I will use this function: $f(x)=\frac{1}{x}+\frac{1}{x-1}$.
To show 1-1, I am using $f(x_1)=f(x_2) \Rightarrow x_1=x_2$, where $x_1,x_2 \in (0,1)$.
To start off:
$\frac{1}{x_1}+\frac{1}{x_1-1}=\frac{1}{x_2}+\frac{1}{x_2-1}$.
Then, I get: $\frac{(x_1-1)+x_1}{x_1(x_1-1)}=\frac{(x_2-1)+x_2}{x_2(x_2-1)}$.
This leads to: $\frac{2x_1-1}{x_1(x_1-1)}=\frac{2x_2-1}{x_2(x_2-1)}$.
Even after I cross-multiply after this step, I don't see where I can conclude that $x_1=x_2$.
Now,to show surjective, I'm a little confused as well, since rearranging the function to solve for $x$ like in simple cases is not working. Any hints/clues/examples will be appreciated. Thanks!
Best Answer
Calculus methods as suggested in other answers are good. If you want to do it without calculus, here is a possibility.
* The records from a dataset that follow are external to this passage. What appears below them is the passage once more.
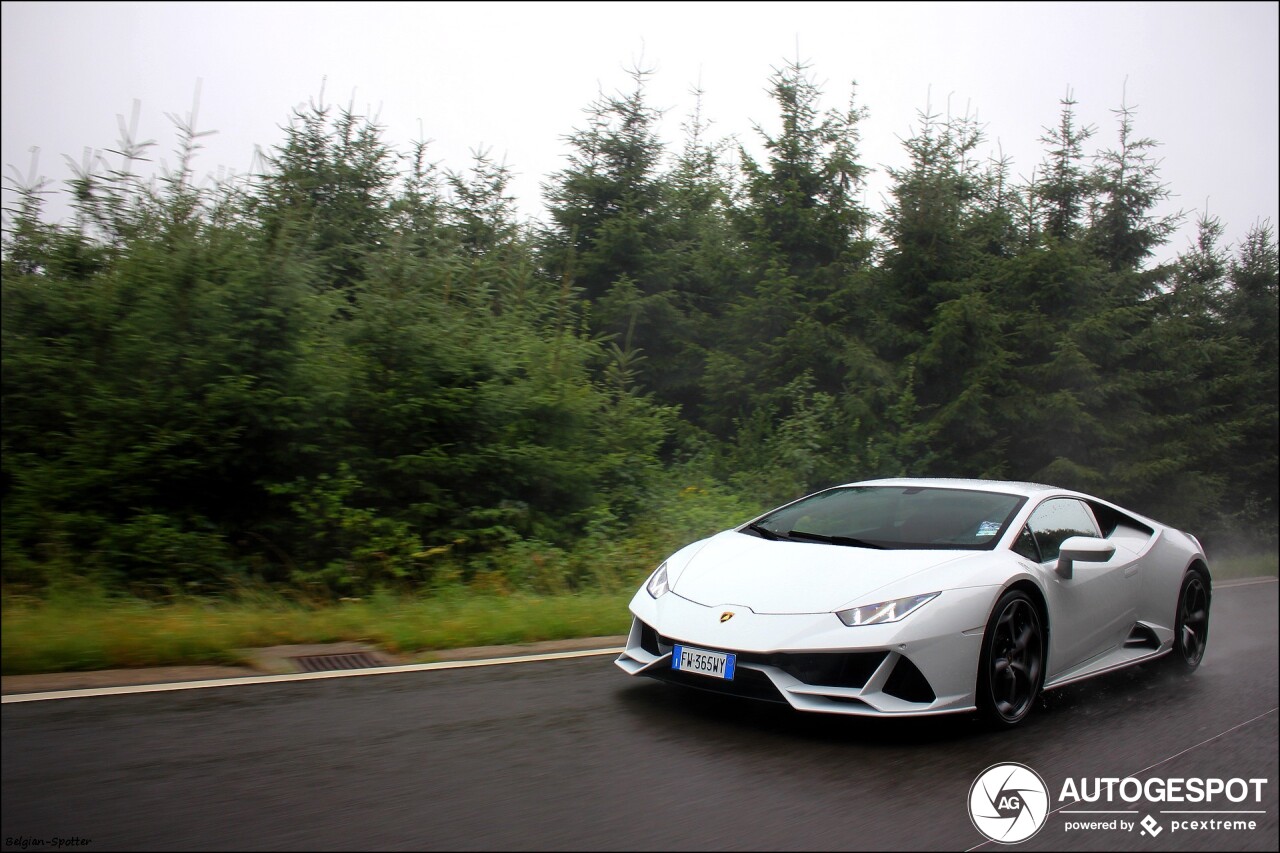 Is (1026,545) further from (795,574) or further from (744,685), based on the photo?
(744,685)

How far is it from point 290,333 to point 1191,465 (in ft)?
68.2

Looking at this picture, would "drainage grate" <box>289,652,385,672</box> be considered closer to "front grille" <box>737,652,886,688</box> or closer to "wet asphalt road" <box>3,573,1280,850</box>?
"wet asphalt road" <box>3,573,1280,850</box>

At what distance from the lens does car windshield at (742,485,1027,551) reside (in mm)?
5656

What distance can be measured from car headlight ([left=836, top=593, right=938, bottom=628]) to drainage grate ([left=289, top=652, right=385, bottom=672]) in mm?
2990

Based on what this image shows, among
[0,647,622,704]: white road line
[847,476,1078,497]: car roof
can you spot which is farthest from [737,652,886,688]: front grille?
[0,647,622,704]: white road line

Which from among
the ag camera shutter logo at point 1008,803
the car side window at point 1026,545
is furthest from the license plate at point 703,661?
the car side window at point 1026,545

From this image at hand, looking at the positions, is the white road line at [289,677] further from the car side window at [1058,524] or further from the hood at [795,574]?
the car side window at [1058,524]

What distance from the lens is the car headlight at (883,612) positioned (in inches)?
186

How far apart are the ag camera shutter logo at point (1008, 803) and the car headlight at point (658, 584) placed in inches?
77.1

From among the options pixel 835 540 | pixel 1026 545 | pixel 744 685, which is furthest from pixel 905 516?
pixel 744 685

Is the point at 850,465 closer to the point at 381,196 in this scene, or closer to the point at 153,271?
the point at 381,196

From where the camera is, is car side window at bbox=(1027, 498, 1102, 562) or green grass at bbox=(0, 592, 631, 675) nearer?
green grass at bbox=(0, 592, 631, 675)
Continuing your working leads easily to $$2x_1x_2^2-2x_1^2x_2-x_2^2+x_1^2+x_2-x_1=0\ .$$ Now factorise the LHS. This might sound difficult, but remember that you want to show $x_1=x_2$, so you would hope that $x_1-x_2$ is a factor. And then you should notice that indeed if you take the first two terms, the next two and the last two, $x_1-x_2$ is a factor in every case. So we get $$(x_1-x_2)(-2x_2x_1)+(x_1-x_2)(x_1+x_2)-(x_1-x_2)=0$$ which then becomes $$(x_1-x_2)(-2x_1x_2+x_1+x_2-1)=0\ .$$ To conclude for certain that $x_1=x_2$ you need to explain why the second factor is not zero. Hint. We have $$-2x_1x_2+x_1+x_2-1=-\frac12\bigl((2x_1-1)(2x_2-1)+1\bigr)\ ,$$ and both $x_1$ and $x_2$ are in $(0,1)$.
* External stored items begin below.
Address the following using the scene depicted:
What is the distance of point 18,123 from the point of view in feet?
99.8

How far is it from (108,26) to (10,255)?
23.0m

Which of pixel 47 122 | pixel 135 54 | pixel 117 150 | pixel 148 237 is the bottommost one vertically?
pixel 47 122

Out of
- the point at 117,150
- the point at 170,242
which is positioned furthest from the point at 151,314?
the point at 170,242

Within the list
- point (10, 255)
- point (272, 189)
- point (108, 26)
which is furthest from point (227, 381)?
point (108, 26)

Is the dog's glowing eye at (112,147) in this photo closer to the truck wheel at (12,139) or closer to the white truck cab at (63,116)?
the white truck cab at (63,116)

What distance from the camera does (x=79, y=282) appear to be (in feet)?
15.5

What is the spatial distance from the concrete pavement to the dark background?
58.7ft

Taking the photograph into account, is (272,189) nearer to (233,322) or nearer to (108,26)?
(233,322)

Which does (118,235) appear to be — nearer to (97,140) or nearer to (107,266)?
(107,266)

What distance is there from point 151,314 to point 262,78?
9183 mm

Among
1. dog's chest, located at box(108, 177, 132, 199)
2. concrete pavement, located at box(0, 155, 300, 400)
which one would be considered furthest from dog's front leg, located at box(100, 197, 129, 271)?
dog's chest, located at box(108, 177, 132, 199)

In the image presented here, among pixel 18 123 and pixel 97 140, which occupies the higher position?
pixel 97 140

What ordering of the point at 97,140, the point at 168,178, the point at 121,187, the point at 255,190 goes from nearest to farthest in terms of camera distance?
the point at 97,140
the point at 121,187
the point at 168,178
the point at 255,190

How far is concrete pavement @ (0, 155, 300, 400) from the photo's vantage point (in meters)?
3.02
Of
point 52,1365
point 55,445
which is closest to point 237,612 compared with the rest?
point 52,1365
To prove the function is surjective, try to solve $f(x)=a$ for any given real $a$. This simplifies to $$ax^2-(a+2)x+1=0\ .$$ Now call the LHS $q(x)$ and imagine the graph of $y=q(x)$. This is a continuous curve; since $q(0)=1$ it is above the $x$-axis when $x=0$; since $q(1)=-1$ it is below the axis when $x=1$; so it must cross the axis somewhere between $0$ and $1$, which gives the solution you need.